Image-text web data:
⁂

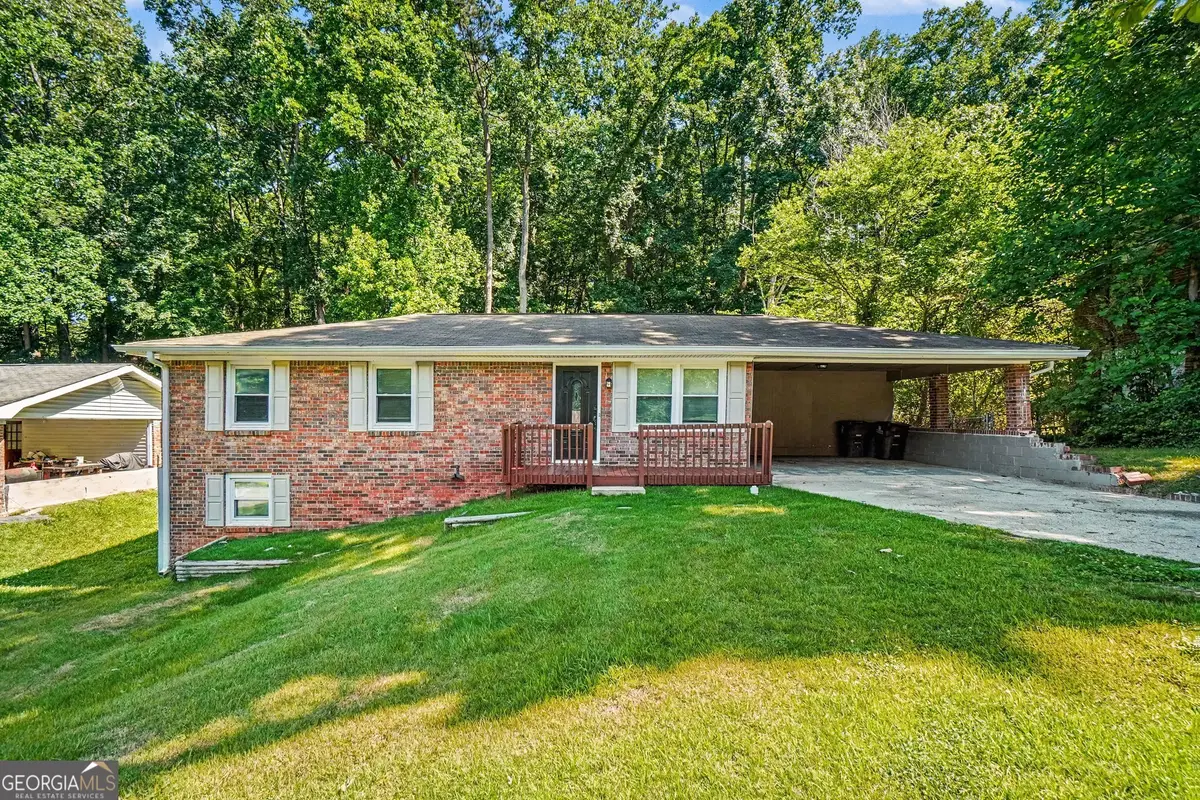 3750 Paul Street, Douglasville, GA 30135 - #1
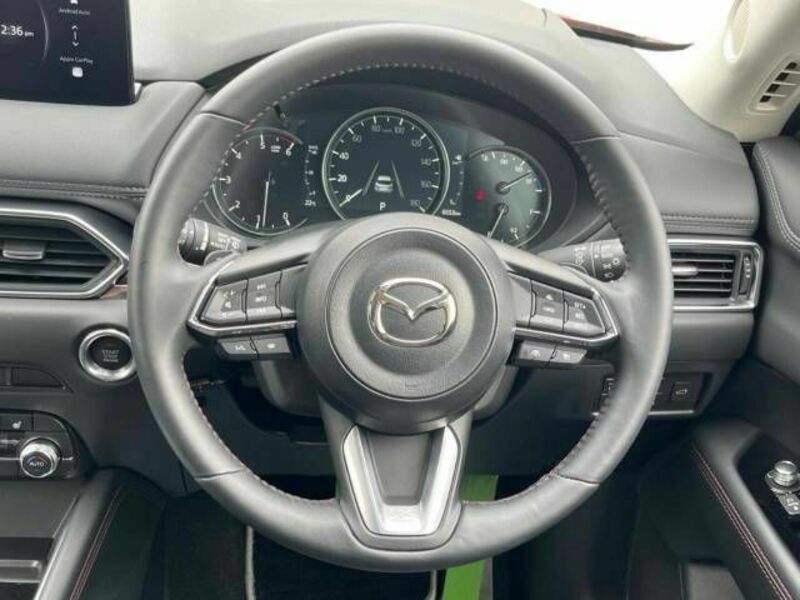 CX-5-11
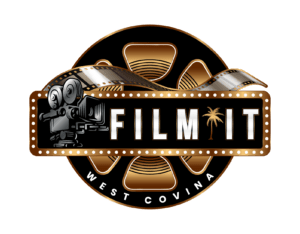 Film It Logo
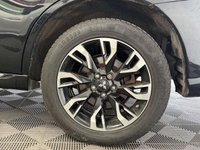 USED 2017 67 MITSUBISHI OUTLANDER 2.0h 12kWh 5hs SUV 5dr Petrol Plug-in Hybrid CVT 4WD Euro 6 (s/s) (200 ps) 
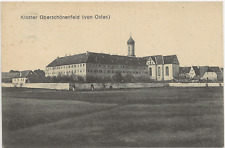 834 kloster berschönenfeld gebraucht kaufen  Prösen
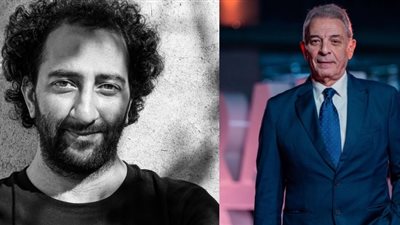 شكوى رقم 713317.. المخرج ياسر شفيعي يبدأ تصوير أول فيلم روائي طويل بطولة محمود حميدة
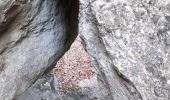 Tour Wandern La Chaudière - La Chaudiere par la Coulance - Photo 7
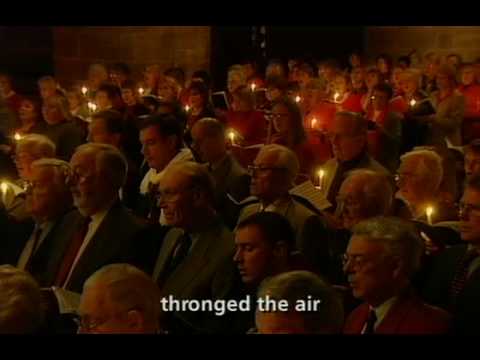 Profilový obrázek - Gloucester Cathedral Choir - In the Bleak Midwinter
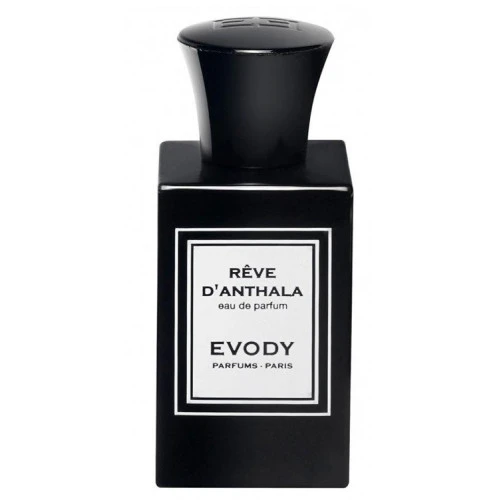 Парфумована вода Evody Parfums Reve d'Anthala для чоловіків та жінок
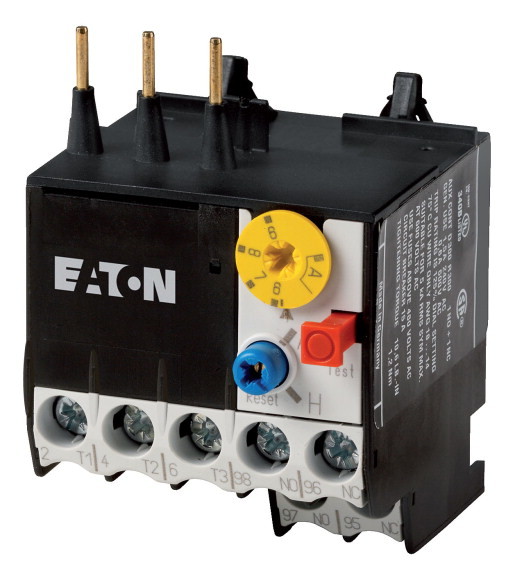ZE-2.4 Releu termic 2.4A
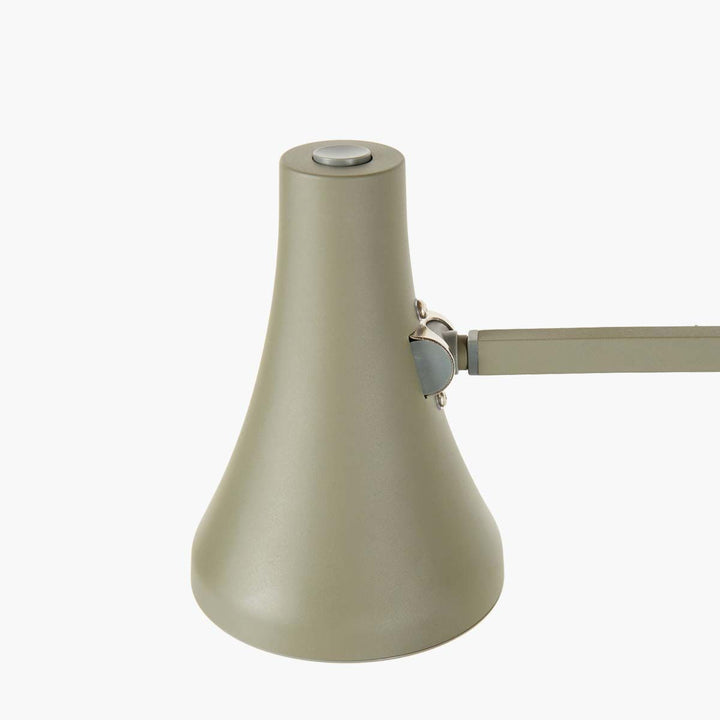90 Mini Mini Desk Lamp - Anglepoise - Table + Task - Kelp Green - HORNE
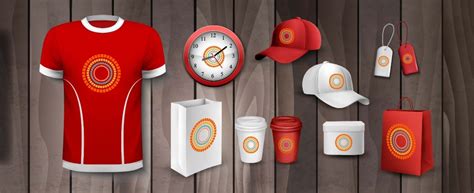 The Various Perks of Using Branded Merchandise for Your Company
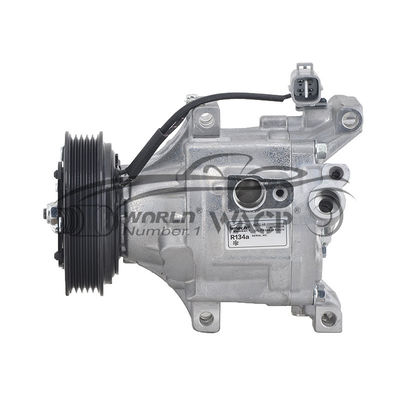 SCSA06C トヨタ・コロラ1.6用 2.0E12用 エアコン圧縮機 WXTT110用
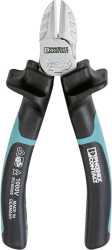 Szczypce boczne Phoenix Contact CUTFOX-S VDE M 1212830, 130 mm, VDE
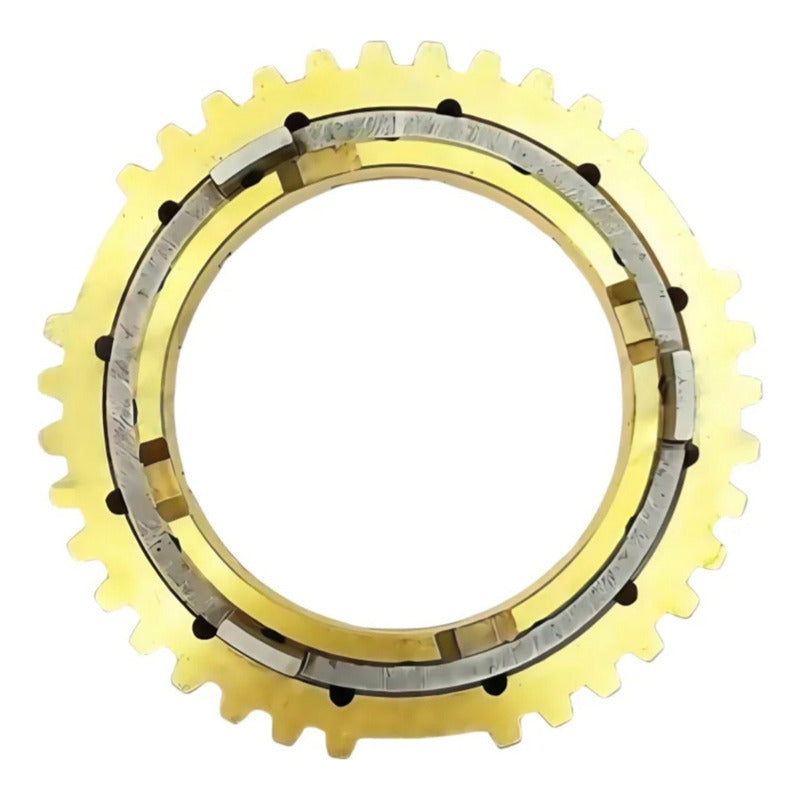 Sincronizador 1era Y 2da Chevrolet Sail 1.4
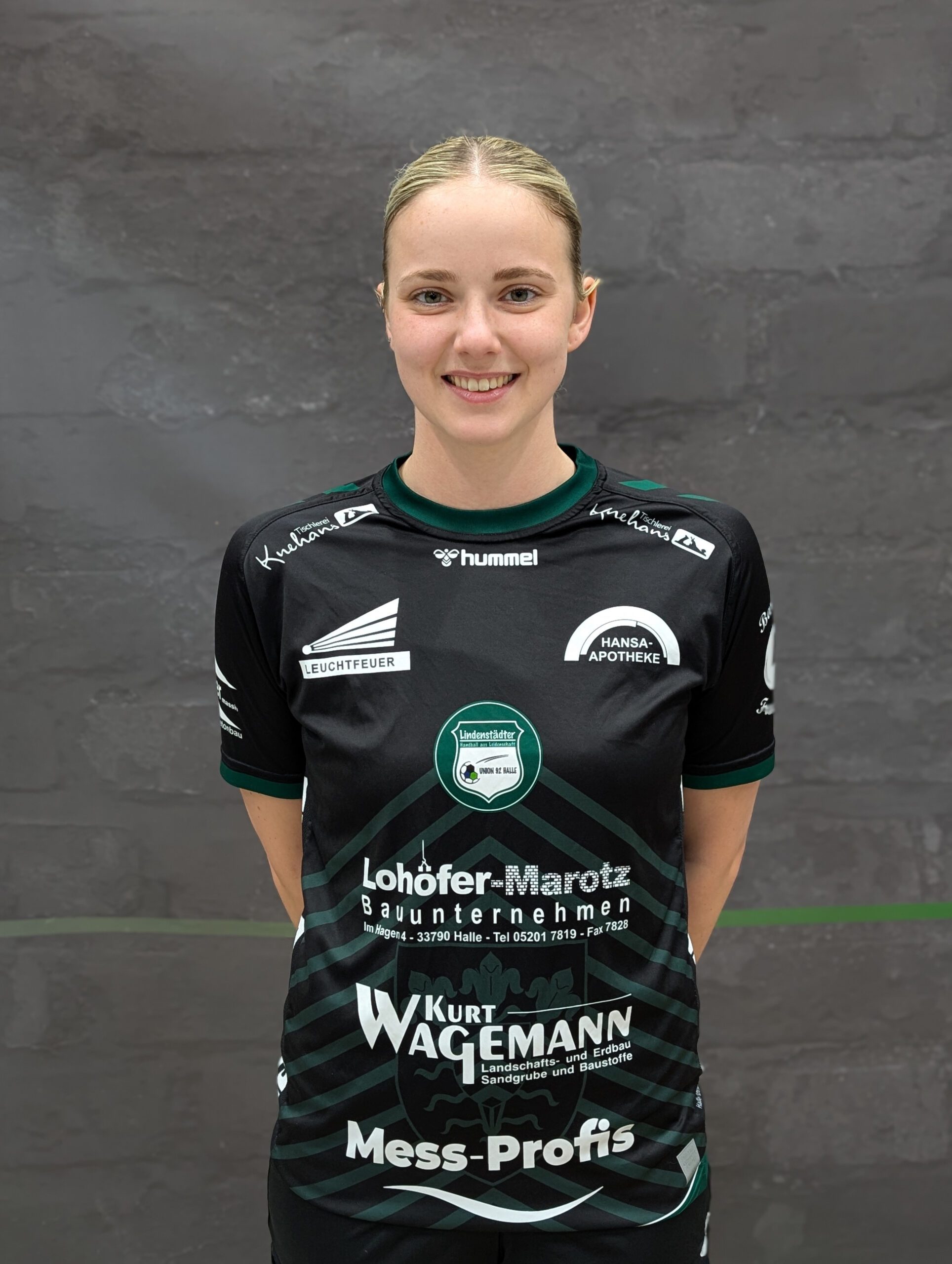 Lara Brummel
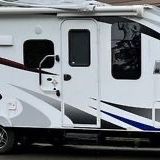 2018 Lance 2185 Travel Trailer
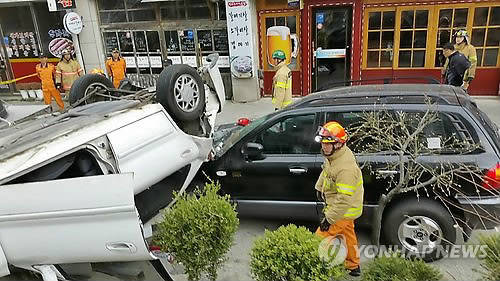 ▲ 사진은 내용과 관계 없음.ⓒ연합뉴스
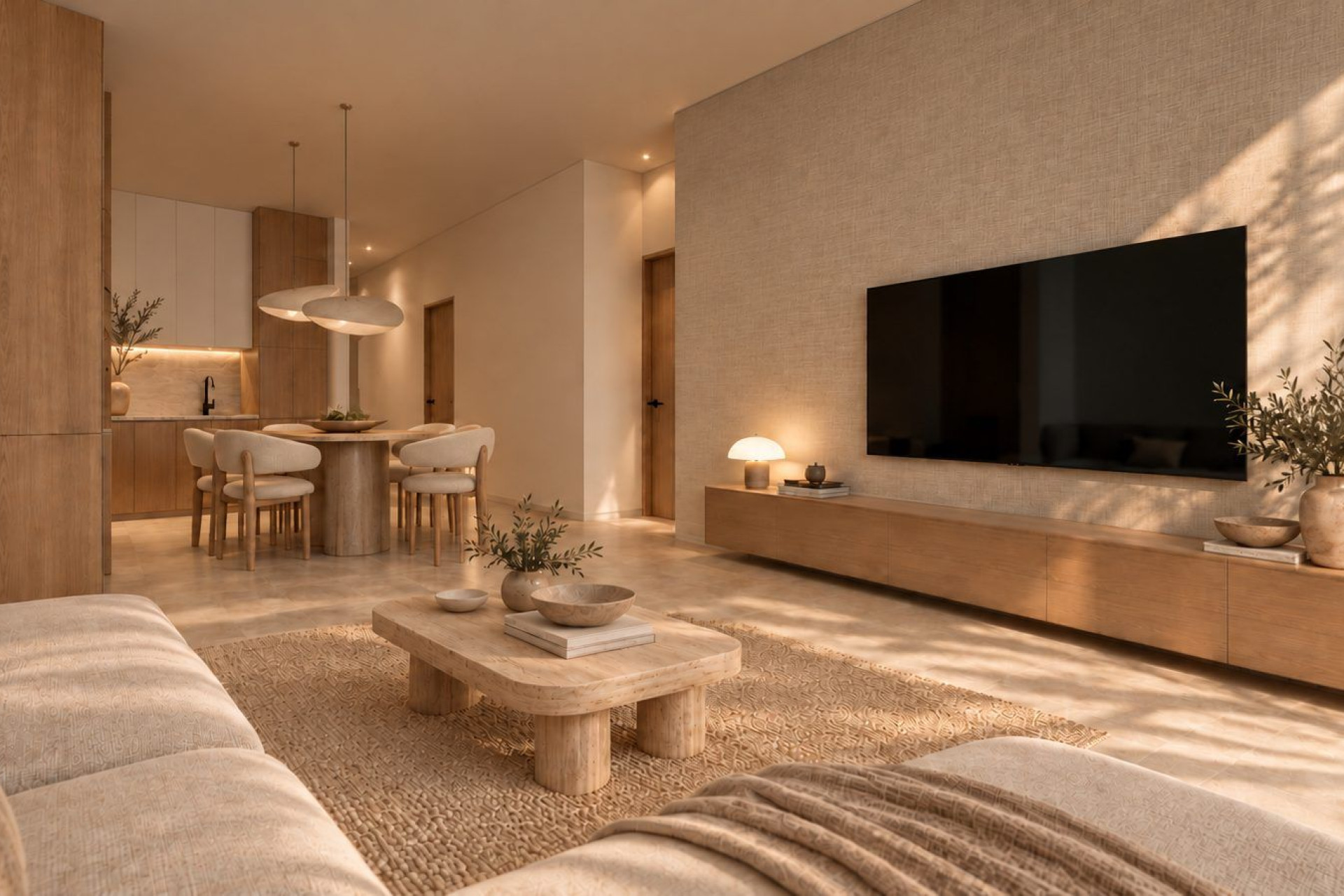 Obra nueva - Villa - San Pedro del Pinatar - San Pedro Del Pinatar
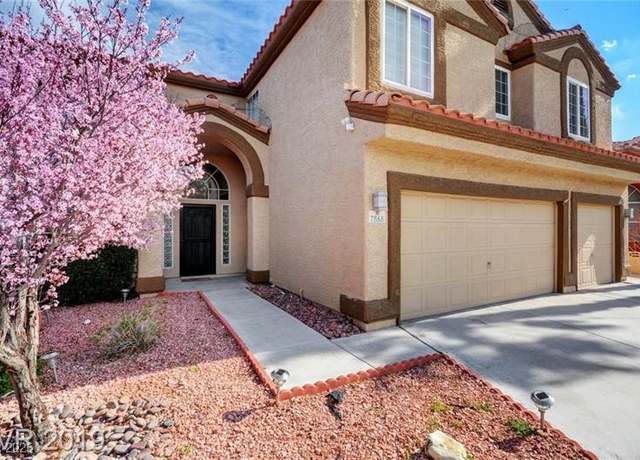 Property at 7868 Brook Valley Dr, Las Vegas, NV 89123, 5 beds, 3.5 baths
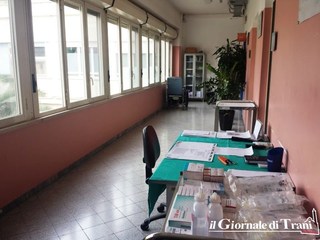 Ospedale di Trani, oltre un milione e mezzo per realizzare il nuovo poliambulatorio della Bat. E non solo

⁂

Exercise directions :: Restate word for word the lines running from the one with "834 kloster berschönenfeld" to the end of the entries; pictures are to be left out.

Written response ::
 834 kloster berschönenfeld gebraucht kaufen  Prösen
 شكوى رقم 713317.. المخرج ياسر شفيعي يبدأ تصوير أول فيلم روائي طويل بطولة محمود حميدة
 Tour Wandern La Chaudière - La Chaudiere par la Coulance - Photo 7
 Profilový obrázek - Gloucester Cathedral Choir - In the Bleak Midwinter
 Парфумована вода Evody Parfums Reve d'Anthala для чоловіків та жінок
ZE-2.4 Releu termic 2.4A
90 Mini Mini Desk Lamp - Anglepoise - Table + Task - Kelp Green - HORNE
 The Various Perks of Using Branded Merchandise for Your Company
 SCSA06C トヨタ・コロラ1.6用 2.0E12用 エアコン圧縮機 WXTT110用
 Szczypce boczne Phoenix Contact CUTFOX-S VDE M 1212830, 130 mm, VDE
 Sincronizador 1era Y 2da Chevrolet Sail 1.4
 Lara Brummel
 2018 Lance 2185 Travel Trailer
 ▲ 사진은 내용과 관계 없음.ⓒ연합뉴스
 Obra nueva - Villa - San Pedro del Pinatar - San Pedro Del Pinatar
 Property at 7868 Brook Valley Dr, Las Vegas, NV 89123, 5 beds, 3.5 baths
 Ospedale di Trani, oltre un milione e mezzo per realizzare il nuovo poliambulatorio della Bat. E non solo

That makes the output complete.